You aren't measuring things that really matter.
There can be lots of reasons for this issue. Perhaps you are measuring something that has little or no impact on your competitive position. In strategic planning, this is worse than a waste of time.
Ask yourself: if ONLY this number improved, would we really be better off? In many cases, the numbers you look at overlap with other numbers. To use a simple example from financial measurements, it's somewhat redundant to look at both gross margin and net profit, because net profit is simply gross margin minus fixed costs and a few other expenses. I won't tell you which you should look at in your own company, but I will tell you it's rare that a company should include both numbers in the five to ten core metrics in a streamlined balanced scorecard. This means you need to pick one, understand that it (like all metrics) will have the flaw of not being complete, and move on.
Another reason why companies sometimes measure things that don't really matter is that the metric chosen makes the company look good. At worst, this can be a case of throwing in a number because it can be counted on to give us good news even when the other numbers are telling us bad news. Again, if the number does not affect your competitive position or your ability to succeed, consider eliminating it from your scorecard.
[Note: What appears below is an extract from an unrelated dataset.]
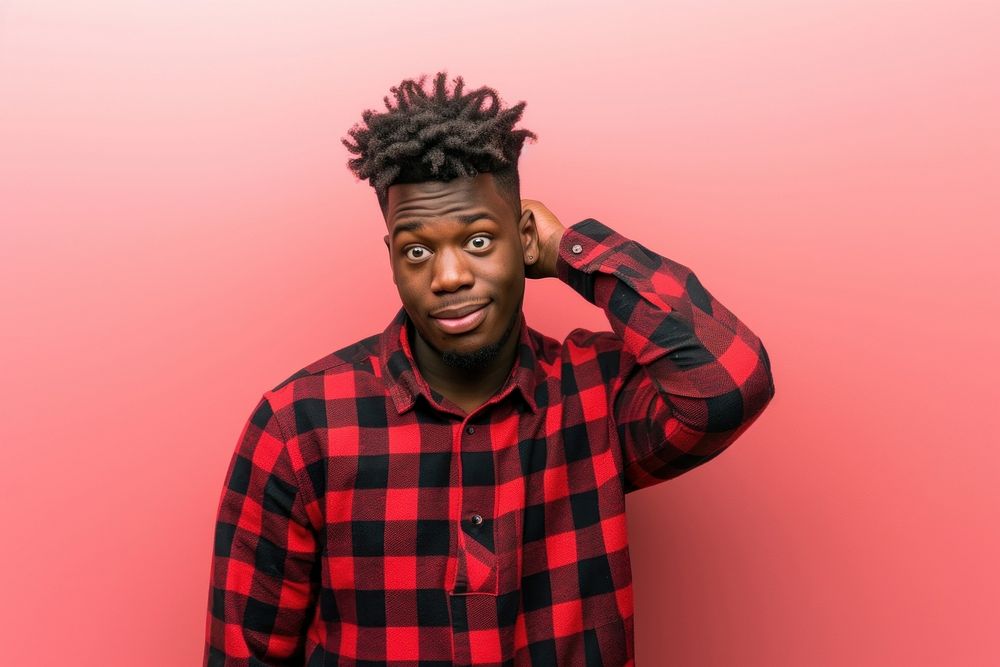 Cool young black man with fashionable clothing style full body on colored background portrait adult frustration.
There is an even more insidious problem associated with measuring things that don't matter - if this is your company's problem, you are very likely shying away from measuring things that matter very much. Sometimes this is because managers fear the implications of managing to certain metrics. If managers fear measuring profit per employee, for example, because it might lead to staff reductions, you should be asking yourself whether this fear is useful. There are many industries where staff reductions are a vital strategic management tool - failing to consider them when appropriate can be a major strategic error.